===== DATA RECORDS

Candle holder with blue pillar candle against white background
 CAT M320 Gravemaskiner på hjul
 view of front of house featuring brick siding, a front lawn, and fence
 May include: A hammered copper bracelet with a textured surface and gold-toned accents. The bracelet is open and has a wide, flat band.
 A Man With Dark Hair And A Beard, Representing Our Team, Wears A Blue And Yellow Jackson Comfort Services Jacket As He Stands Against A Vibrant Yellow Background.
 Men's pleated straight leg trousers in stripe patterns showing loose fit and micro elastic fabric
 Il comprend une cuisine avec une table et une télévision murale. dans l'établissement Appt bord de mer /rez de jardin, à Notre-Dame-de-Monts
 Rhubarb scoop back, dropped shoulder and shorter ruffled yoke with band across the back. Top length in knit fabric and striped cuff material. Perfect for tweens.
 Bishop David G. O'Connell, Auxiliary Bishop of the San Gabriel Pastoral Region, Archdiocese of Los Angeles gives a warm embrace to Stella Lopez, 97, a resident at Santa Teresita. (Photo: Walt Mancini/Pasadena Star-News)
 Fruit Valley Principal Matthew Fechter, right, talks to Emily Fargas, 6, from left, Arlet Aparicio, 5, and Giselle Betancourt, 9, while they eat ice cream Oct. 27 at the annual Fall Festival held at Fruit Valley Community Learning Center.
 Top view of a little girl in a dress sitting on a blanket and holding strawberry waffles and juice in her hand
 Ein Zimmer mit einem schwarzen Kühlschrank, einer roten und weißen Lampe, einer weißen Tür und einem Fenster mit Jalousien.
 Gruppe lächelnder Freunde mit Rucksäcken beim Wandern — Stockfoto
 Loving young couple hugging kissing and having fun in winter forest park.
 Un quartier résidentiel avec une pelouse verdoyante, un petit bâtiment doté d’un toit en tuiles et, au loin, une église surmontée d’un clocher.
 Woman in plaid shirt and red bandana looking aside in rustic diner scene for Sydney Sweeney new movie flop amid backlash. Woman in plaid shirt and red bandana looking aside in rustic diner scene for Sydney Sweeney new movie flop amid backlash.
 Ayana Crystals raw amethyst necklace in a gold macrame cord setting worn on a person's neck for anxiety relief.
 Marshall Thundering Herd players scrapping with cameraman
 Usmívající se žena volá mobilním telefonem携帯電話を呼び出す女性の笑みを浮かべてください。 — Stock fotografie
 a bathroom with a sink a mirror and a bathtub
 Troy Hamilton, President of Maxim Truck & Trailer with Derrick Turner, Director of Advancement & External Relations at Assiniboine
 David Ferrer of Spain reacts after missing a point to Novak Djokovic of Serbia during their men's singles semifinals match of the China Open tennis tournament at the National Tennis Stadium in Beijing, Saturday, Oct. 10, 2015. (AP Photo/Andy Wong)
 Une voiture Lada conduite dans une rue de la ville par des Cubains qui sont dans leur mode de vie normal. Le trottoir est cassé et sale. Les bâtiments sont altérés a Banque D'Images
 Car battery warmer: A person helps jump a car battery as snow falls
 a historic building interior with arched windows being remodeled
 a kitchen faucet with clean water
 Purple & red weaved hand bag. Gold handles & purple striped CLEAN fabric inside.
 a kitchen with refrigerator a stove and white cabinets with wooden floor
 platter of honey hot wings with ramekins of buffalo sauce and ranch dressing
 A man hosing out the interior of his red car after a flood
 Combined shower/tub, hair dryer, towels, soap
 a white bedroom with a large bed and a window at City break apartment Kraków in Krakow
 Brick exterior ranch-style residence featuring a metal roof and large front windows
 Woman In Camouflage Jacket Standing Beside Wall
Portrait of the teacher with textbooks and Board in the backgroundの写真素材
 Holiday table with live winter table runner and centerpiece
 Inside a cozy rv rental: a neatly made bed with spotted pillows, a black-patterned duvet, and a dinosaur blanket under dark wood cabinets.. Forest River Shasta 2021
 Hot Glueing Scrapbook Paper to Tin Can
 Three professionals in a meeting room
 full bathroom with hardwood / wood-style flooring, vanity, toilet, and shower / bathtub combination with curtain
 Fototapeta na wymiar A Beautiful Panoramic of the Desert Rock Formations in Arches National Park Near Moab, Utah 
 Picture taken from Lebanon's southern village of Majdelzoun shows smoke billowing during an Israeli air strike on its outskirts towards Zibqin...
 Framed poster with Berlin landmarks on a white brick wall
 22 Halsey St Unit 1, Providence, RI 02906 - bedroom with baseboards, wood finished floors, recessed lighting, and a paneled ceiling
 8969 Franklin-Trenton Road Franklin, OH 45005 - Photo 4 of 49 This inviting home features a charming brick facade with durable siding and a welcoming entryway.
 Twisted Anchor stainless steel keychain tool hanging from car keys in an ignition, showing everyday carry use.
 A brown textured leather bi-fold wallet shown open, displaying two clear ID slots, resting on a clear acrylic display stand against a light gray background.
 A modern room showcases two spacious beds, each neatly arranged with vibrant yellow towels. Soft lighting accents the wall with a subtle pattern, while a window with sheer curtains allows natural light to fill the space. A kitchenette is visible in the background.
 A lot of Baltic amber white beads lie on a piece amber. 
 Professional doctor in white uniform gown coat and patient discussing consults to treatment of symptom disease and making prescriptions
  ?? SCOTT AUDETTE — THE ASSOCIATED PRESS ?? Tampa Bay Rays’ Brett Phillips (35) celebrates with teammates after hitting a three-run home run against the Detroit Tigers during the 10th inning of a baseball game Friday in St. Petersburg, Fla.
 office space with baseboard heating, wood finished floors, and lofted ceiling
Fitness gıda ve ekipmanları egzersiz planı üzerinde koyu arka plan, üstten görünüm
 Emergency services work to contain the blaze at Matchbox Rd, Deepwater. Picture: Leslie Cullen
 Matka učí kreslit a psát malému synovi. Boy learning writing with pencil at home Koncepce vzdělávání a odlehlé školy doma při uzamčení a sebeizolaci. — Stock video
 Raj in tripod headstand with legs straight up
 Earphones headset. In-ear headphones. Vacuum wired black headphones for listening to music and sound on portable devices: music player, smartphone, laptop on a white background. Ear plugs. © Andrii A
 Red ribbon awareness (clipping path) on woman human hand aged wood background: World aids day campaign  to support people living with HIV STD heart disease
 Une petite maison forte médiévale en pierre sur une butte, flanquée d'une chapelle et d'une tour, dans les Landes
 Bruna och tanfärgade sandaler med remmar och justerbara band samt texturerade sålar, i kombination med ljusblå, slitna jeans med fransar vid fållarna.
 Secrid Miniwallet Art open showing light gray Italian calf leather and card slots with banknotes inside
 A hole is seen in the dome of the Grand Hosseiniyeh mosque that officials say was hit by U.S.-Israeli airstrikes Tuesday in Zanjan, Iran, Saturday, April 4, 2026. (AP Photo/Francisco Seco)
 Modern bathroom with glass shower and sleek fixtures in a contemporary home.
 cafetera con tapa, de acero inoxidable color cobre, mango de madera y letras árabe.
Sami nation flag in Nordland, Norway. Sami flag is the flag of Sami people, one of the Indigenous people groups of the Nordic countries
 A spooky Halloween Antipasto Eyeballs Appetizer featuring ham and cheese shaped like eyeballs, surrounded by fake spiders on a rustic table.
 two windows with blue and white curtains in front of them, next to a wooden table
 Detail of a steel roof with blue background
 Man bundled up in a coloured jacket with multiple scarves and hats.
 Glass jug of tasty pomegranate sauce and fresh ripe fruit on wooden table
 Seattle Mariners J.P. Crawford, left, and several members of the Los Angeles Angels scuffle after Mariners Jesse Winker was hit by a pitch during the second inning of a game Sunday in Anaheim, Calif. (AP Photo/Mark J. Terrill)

==========

→ **WORK ITEM**
Copy out, exactly and alone, the lines of the entries above between the ones holding "Red ribbon awareness" and "Detail of a steel roof with blue background", inclusive.

→ **EXERCISE RESPONSE**
 Red ribbon awareness (clipping path) on woman human hand aged wood background: World aids day campaign  to support people living with HIV STD heart disease
 Une petite maison forte médiévale en pierre sur une butte, flanquée d'une chapelle et d'une tour, dans les Landes
 Bruna och tanfärgade sandaler med remmar och justerbara band samt texturerade sålar, i kombination med ljusblå, slitna jeans med fransar vid fållarna.
 Secrid Miniwallet Art open showing light gray Italian calf leather and card slots with banknotes inside
 A hole is seen in the dome of the Grand Hosseiniyeh mosque that officials say was hit by U.S.-Israeli airstrikes Tuesday in Zanjan, Iran, Saturday, April 4, 2026. (AP Photo/Francisco Seco)
 Modern bathroom with glass shower and sleek fixtures in a contemporary home.
 cafetera con tapa, de acero inoxidable color cobre, mango de madera y letras árabe.
Sami nation flag in Nordland, Norway. Sami flag is the flag of Sami people, one of the Indigenous people groups of the Nordic countries
 A spooky Halloween Antipasto Eyeballs Appetizer featuring ham and cheese shaped like eyeballs, surrounded by fake spiders on a rustic table.
 two windows with blue and white curtains in front of them, next to a wooden table
 Detail of a steel roof with blue background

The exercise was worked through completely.